As a remedy to the latter, I started knitting baby clothes for a quick fix and instant satisfaction. Years and years before I had my oldest son, he had his little knitted wardrobe ready and waiting. I feared this was a bit strange until my mother-in-law showed me the drawer of baby things that she had been making for years!

Now I knit hats and cardigans, shawls and baby dungarees, for myself, others, to sell, and for my children. All right, I admit that my 5-year-old doesn’t think Mama-made handknits are quite cool enough anymore, but I’m sure he’ll get round to it again. I can be perseverant.

When I go home to Germany now, my mum and I spend our evenings knitting side by side. We share patterns and pore over yarn colour combinations. We talk on Skype once a week, and guess what we’re usually doing? It’s like our own little virtual knitting group.

I love how knitting bonds generations together. It’s an ageless passion and a craft that so many mothers have taught their children (even if I learned it from a book). My aunties, my grandmother, all of them are knitters. My great-great-grandmother is said to always have had her knitting in the pocket of her apron so that she could take it out and knit a few rows between stirring her pots. Maybe I should take up wearing aprons when I cook? Now there’s a thought. I am sure you know the feeling of stealing a little moment of knitting time, like a little breather from the rush of everyday life.
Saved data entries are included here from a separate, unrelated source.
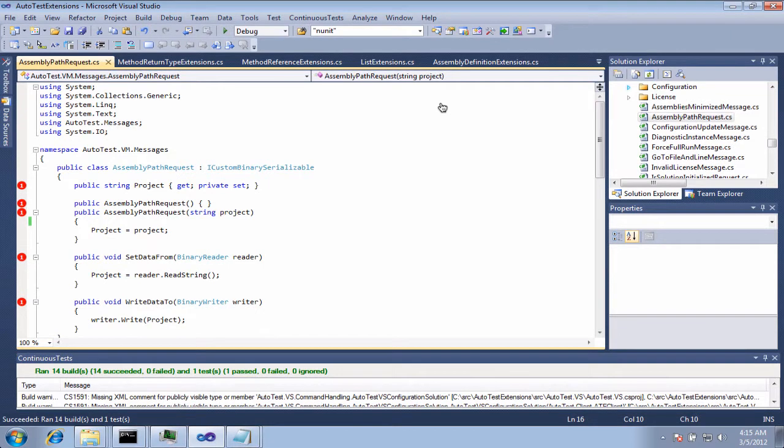Hey, this is Greg Young, and I'm just here to show you guys really quickly a little bit about Mighty Moose and how the build system can actually work.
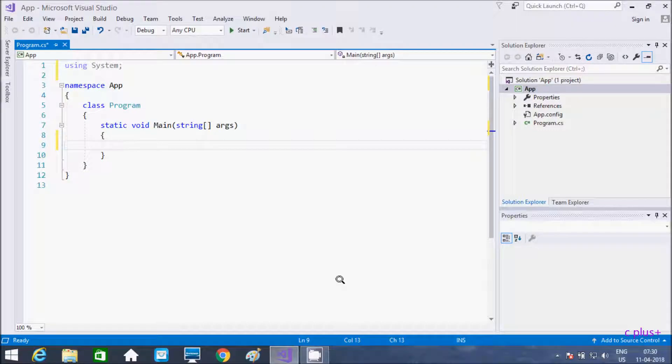Hi guys, in this video I am going to discuss about prefix and postfix operators in C#.NET. So let's see one example.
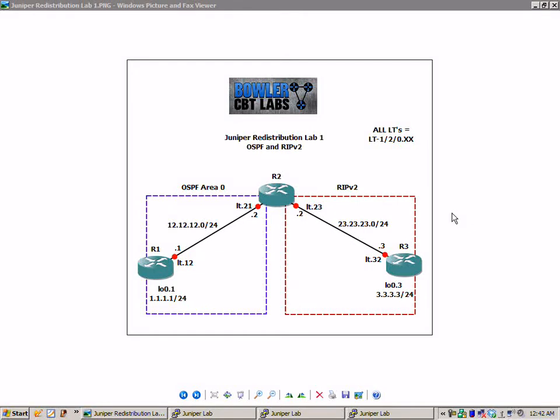Hello, my name is Steve Bowler and welcome to the Juniper redistribution lab number one. In this lab we're going to take a detailed look at how to perform mutual redistribution between OSPF and RIP version 2.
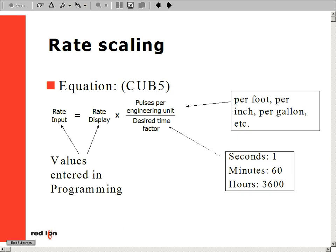If our time factor were in seconds, we would use a one. Per minute, we would use a 60. And per hour, we would use 3600.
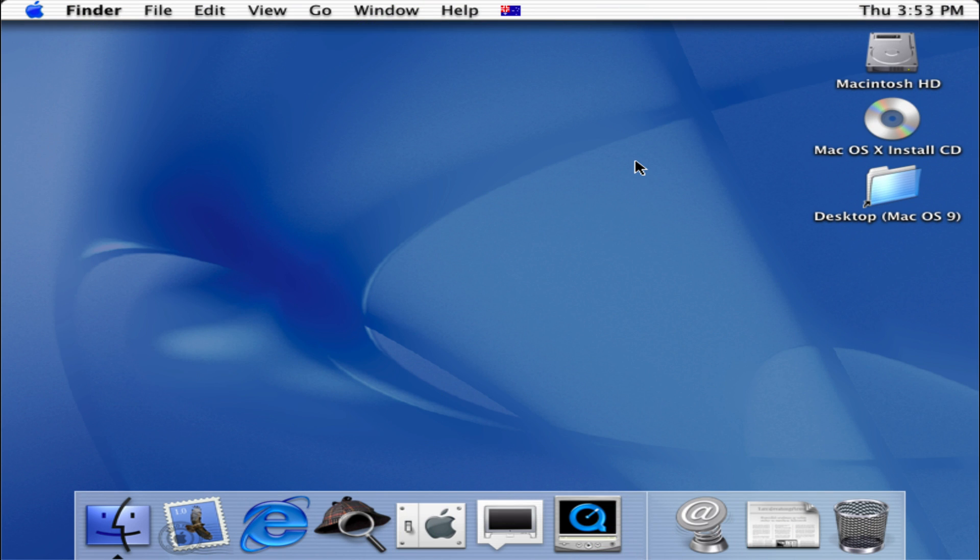Hey what is going on guys, today we're going to be taking a look at Mac OS X Cheetah, which is the first official version of Mac OS X that was introduced to the general public.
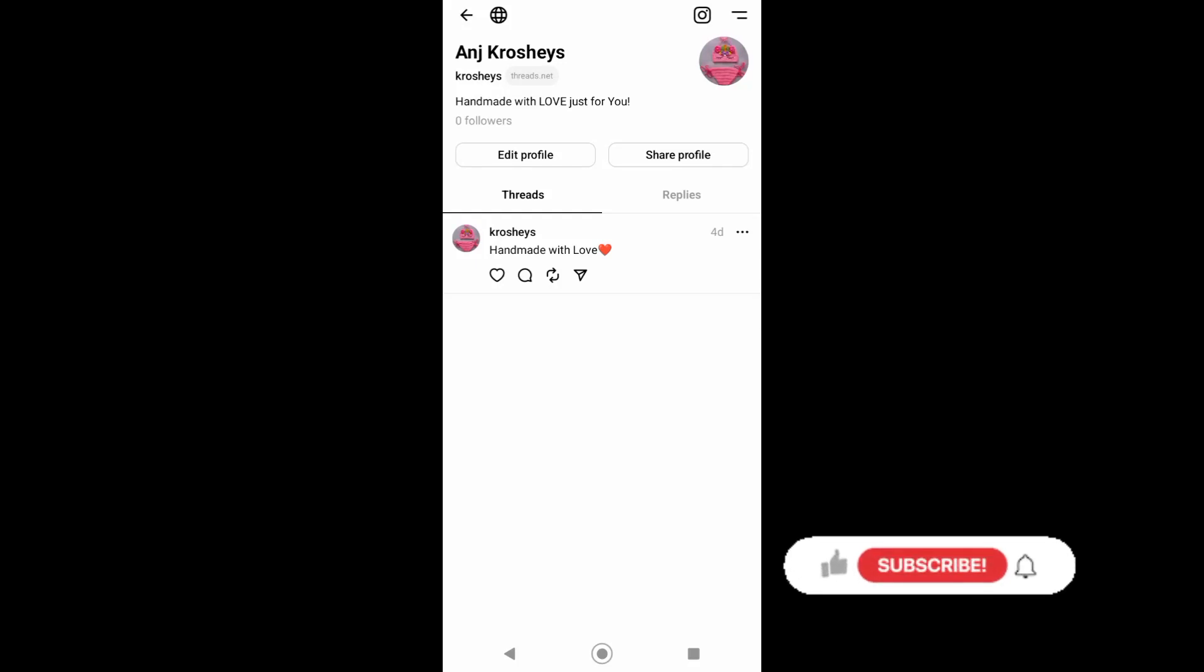Hello guys, in today's video we're showing you how you can add Threads in your Instagram bio.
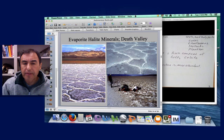Hello and welcome back to California Geology. I am Dr. Robert Lopez. Today I want to show you some photos of evaporite minerals, particularly in the Death Valley region, and then I want to talk about the biochemical rocks.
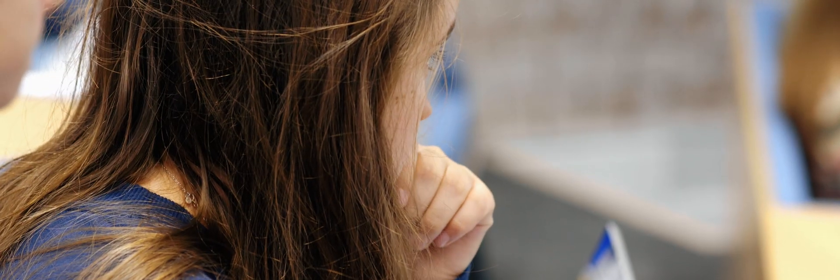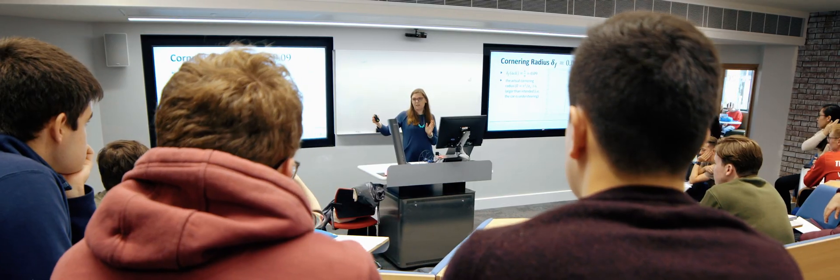By changing the way we describe our course and changing some of the words that we use, we've increased the number of female students taking systems engineering to 40%. Every day I meet completely inspiring female students that I know in the future are going to be changing the world.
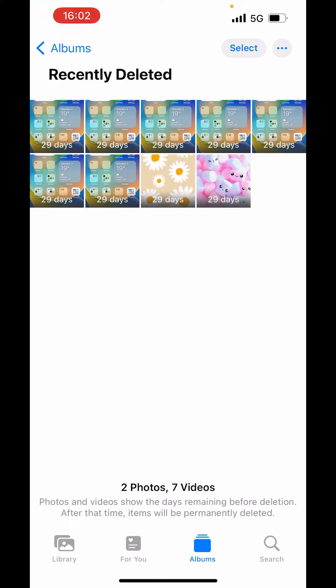Here you will get the recently deleted photos or videos. When you delete a photo or video, it will be there in the Recently Deleted album for 29 days. After 29 days, it will be deleted permanently. So within 29 days, you can recover them.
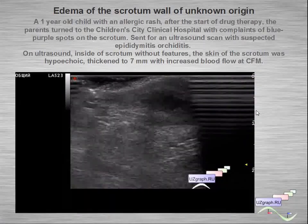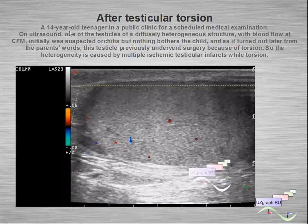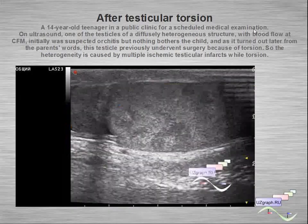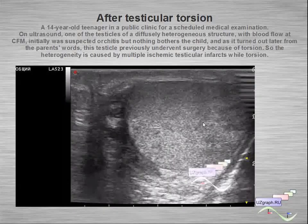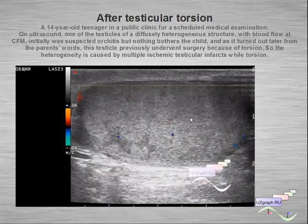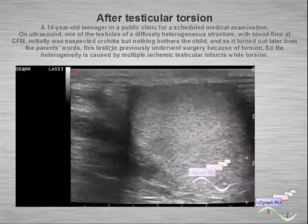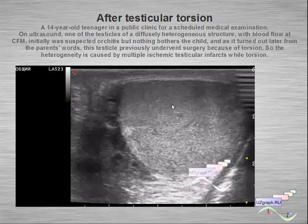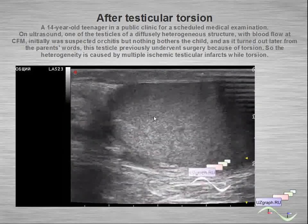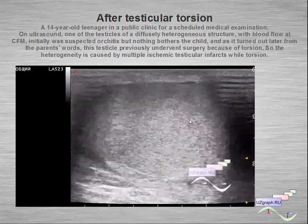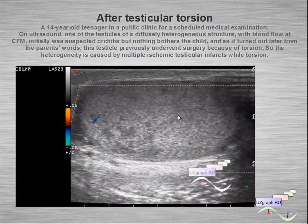This is a condition after testicular torsion. A teenager came to the clinic for a scheduled medical examination. On the initial scan I suspected orchido-epididymitis, but the patient had no pain and no complaints. I later obtained information that this case involved a prior torsion — so we can say this is an infarcted, necrotic area representing ischemic testicular changes after torsion.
For me, knitting is about the process, not the finished product. That’s why I love giving my family handmade presents. Giving someone something you knitted is giving them the time you spent making it, time spent thinking of them, with your good wishes woven in between the stitches so they can wear a little bit of your love.

But the process of knitting also includes choosing a pattern, and yarn, and colours – I love every bit of it. From the first idea to actually sitting and knitting while the children play, or on the sofa in the evening, or while you have a coffee morning – all the while seeing something completely new take shape, one stitch at a time.

Knitting keeps me sane and my fingers busy so my mind can dream and wander. Isn’t it amazing what a bit of yarn and two sticks can do for you?